### [Required action]
Only the lines below from the one containing "#空のある風景 #キリトリセカイ" to the one containing "Building Photo - 4939 Pne Hvn Ln" should be repeated, both included and unchanged.
§
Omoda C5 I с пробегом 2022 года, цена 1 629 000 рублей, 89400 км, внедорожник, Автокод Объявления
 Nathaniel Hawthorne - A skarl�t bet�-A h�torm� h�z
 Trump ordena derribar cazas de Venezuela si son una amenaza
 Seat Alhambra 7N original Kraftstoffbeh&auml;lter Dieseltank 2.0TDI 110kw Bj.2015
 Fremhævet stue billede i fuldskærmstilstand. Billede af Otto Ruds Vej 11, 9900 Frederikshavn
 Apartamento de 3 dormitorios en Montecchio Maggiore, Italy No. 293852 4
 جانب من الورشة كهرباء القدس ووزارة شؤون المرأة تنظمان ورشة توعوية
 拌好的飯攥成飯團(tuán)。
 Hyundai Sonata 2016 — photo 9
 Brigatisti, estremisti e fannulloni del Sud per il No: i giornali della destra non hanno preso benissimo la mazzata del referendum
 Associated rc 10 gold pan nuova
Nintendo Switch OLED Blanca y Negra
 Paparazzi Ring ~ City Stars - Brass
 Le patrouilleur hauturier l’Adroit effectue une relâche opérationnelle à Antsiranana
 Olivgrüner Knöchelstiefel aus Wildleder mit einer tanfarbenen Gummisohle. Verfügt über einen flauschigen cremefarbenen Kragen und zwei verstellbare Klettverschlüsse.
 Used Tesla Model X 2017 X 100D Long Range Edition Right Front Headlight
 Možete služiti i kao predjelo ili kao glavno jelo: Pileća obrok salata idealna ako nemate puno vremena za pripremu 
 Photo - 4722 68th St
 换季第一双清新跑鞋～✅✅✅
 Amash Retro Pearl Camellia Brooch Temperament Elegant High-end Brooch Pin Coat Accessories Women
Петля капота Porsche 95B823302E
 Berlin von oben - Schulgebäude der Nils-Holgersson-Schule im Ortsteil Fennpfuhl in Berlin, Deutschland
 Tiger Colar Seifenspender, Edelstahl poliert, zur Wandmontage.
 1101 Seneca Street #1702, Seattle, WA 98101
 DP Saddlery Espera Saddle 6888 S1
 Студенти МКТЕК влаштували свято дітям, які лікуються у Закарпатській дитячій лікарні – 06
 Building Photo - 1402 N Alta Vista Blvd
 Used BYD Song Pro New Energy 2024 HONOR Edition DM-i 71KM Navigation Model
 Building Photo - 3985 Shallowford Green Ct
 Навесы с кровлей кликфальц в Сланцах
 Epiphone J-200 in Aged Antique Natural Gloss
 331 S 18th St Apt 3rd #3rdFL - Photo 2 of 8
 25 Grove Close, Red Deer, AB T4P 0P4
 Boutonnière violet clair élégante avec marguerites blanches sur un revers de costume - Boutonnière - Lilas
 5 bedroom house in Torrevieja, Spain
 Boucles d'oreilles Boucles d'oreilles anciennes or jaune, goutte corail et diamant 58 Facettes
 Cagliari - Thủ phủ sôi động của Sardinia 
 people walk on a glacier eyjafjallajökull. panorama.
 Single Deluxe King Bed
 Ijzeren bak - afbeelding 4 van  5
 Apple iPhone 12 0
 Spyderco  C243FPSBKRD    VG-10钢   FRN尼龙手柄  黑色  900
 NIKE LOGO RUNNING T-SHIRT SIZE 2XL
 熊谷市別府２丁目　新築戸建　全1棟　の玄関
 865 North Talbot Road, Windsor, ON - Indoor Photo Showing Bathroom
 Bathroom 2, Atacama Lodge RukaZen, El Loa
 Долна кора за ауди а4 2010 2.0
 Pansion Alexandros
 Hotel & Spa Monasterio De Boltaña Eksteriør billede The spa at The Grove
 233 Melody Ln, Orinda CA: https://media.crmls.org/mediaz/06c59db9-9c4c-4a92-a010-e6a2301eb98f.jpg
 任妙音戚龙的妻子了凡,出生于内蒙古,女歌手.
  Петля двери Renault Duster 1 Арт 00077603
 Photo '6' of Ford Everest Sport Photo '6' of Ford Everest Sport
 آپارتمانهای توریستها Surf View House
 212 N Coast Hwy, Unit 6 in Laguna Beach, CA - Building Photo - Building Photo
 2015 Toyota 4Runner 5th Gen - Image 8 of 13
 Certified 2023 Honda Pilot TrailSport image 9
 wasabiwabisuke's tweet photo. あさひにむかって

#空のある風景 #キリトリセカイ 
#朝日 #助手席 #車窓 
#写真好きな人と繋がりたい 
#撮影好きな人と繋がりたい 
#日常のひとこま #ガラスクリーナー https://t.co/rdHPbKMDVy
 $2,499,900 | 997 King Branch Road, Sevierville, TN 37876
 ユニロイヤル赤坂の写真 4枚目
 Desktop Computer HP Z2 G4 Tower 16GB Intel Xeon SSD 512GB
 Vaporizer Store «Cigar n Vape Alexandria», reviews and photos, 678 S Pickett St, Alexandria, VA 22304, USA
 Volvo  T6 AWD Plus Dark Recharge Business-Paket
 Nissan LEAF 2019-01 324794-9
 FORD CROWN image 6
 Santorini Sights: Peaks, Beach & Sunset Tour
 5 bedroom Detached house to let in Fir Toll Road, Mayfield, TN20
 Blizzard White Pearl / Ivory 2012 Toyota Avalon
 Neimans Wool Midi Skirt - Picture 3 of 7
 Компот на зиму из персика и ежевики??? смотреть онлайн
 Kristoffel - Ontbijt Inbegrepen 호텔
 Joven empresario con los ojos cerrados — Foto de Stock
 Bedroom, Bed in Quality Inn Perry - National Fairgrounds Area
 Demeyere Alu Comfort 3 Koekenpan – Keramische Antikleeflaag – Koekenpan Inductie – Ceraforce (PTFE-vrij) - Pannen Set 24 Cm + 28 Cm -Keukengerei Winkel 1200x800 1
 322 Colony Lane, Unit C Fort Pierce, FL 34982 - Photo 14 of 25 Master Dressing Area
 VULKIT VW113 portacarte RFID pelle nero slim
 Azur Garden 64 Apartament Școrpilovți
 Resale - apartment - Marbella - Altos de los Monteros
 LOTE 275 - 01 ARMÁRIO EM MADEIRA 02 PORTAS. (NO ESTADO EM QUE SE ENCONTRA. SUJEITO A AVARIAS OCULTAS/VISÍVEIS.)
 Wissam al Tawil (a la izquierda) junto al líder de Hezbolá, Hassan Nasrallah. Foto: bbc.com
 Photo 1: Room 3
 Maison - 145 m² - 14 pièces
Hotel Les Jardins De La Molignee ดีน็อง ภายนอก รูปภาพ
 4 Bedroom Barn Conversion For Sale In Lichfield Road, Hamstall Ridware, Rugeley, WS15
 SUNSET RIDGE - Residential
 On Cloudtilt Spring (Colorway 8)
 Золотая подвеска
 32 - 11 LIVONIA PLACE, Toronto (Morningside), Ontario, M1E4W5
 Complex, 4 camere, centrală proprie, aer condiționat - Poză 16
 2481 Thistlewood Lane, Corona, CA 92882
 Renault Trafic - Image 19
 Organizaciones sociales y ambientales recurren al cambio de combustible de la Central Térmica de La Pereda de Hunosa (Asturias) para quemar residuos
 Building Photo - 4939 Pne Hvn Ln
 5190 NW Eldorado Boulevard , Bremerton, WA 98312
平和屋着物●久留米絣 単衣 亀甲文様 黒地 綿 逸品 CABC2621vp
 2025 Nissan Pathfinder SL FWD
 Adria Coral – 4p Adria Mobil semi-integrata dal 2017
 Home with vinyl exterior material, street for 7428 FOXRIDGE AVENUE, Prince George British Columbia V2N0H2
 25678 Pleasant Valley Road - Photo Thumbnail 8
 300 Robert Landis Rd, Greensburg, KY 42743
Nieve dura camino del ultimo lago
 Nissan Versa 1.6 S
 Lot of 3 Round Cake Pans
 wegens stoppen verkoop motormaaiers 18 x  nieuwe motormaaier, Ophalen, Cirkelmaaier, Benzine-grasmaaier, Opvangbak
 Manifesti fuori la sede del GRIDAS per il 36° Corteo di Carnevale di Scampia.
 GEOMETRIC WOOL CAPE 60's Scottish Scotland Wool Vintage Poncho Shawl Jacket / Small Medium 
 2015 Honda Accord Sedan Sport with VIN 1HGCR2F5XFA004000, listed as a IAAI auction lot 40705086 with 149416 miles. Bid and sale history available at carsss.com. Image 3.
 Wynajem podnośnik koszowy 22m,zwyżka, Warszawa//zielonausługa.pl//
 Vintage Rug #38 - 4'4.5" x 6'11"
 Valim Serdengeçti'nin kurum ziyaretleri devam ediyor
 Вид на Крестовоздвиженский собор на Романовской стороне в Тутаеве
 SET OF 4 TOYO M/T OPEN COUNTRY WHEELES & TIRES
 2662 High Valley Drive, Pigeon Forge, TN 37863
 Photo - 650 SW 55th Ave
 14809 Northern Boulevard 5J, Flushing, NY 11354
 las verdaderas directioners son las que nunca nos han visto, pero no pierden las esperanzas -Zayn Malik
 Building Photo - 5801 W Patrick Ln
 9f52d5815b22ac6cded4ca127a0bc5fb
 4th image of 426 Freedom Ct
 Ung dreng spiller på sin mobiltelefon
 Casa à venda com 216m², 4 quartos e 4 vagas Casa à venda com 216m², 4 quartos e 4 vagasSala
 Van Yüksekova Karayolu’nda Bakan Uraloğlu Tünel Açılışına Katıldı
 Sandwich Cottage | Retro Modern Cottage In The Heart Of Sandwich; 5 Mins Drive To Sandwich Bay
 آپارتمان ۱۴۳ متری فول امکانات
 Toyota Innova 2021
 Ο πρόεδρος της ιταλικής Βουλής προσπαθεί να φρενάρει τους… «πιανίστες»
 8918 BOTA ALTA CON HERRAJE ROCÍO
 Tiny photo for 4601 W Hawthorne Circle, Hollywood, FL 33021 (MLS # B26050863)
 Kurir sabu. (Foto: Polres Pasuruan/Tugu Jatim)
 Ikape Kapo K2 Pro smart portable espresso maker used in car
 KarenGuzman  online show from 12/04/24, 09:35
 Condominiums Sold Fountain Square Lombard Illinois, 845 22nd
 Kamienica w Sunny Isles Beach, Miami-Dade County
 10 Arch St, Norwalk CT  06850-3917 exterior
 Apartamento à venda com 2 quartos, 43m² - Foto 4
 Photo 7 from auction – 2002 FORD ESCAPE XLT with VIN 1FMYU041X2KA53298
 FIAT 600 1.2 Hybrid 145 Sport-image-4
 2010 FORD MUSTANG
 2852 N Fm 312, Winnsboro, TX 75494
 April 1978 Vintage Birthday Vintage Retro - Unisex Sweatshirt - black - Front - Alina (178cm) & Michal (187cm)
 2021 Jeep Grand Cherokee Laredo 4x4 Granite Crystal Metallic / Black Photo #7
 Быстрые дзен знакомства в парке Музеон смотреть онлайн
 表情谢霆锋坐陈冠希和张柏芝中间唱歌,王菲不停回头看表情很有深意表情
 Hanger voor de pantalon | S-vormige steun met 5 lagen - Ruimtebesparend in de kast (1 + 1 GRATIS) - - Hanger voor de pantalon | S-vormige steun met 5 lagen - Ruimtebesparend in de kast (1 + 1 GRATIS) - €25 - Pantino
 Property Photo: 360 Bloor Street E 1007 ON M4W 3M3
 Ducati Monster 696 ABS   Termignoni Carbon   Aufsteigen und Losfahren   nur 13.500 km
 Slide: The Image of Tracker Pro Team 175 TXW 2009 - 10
§
### [Response to the task]
#空のある風景 #キリトリセカイ 
#朝日 #助手席 #車窓 
#写真好きな人と繋がりたい 
#撮影好きな人と繋がりたい 
#日常のひとこま #ガラスクリーナー https://t.co/rdHPbKMDVy
 $2,499,900 | 997 King Branch Road, Sevierville, TN 37876
 ユニロイヤル赤坂の写真 4枚目
 Desktop Computer HP Z2 G4 Tower 16GB Intel Xeon SSD 512GB
 Vaporizer Store «Cigar n Vape Alexandria», reviews and photos, 678 S Pickett St, Alexandria, VA 22304, USA
 Volvo  T6 AWD Plus Dark Recharge Business-Paket
 Nissan LEAF 2019-01 324794-9
 FORD CROWN image 6
 Santorini Sights: Peaks, Beach & Sunset Tour
 5 bedroom Detached house to let in Fir Toll Road, Mayfield, TN20
 Blizzard White Pearl / Ivory 2012 Toyota Avalon
 Neimans Wool Midi Skirt - Picture 3 of 7
 Компот на зиму из персика и ежевики??? смотреть онлайн
 Kristoffel - Ontbijt Inbegrepen 호텔
 Joven empresario con los ojos cerrados — Foto de Stock
 Bedroom, Bed in Quality Inn Perry - National Fairgrounds Area
 Demeyere Alu Comfort 3 Koekenpan – Keramische Antikleeflaag – Koekenpan Inductie – Ceraforce (PTFE-vrij) - Pannen Set 24 Cm + 28 Cm -Keukengerei Winkel 1200x800 1
 322 Colony Lane, Unit C Fort Pierce, FL 34982 - Photo 14 of 25 Master Dressing Area
 VULKIT VW113 portacarte RFID pelle nero slim
 Azur Garden 64 Apartament Școrpilovți
 Resale - apartment - Marbella - Altos de los Monteros
 LOTE 275 - 01 ARMÁRIO EM MADEIRA 02 PORTAS. (NO ESTADO EM QUE SE ENCONTRA. SUJEITO A AVARIAS OCULTAS/VISÍVEIS.)
 Wissam al Tawil (a la izquierda) junto al líder de Hezbolá, Hassan Nasrallah. Foto: bbc.com
 Photo 1: Room 3
 Maison - 145 m² - 14 pièces
Hotel Les Jardins De La Molignee ดีน็อง ภายนอก รูปภาพ
 4 Bedroom Barn Conversion For Sale In Lichfield Road, Hamstall Ridware, Rugeley, WS15
 SUNSET RIDGE - Residential
 On Cloudtilt Spring (Colorway 8)
 Золотая подвеска
 32 - 11 LIVONIA PLACE, Toronto (Morningside), Ontario, M1E4W5
 Complex, 4 camere, centrală proprie, aer condiționat - Poză 16
 2481 Thistlewood Lane, Corona, CA 92882
 Renault Trafic - Image 19
 Organizaciones sociales y ambientales recurren al cambio de combustible de la Central Térmica de La Pereda de Hunosa (Asturias) para quemar residuos
 Building Photo - 4939 Pne Hvn Ln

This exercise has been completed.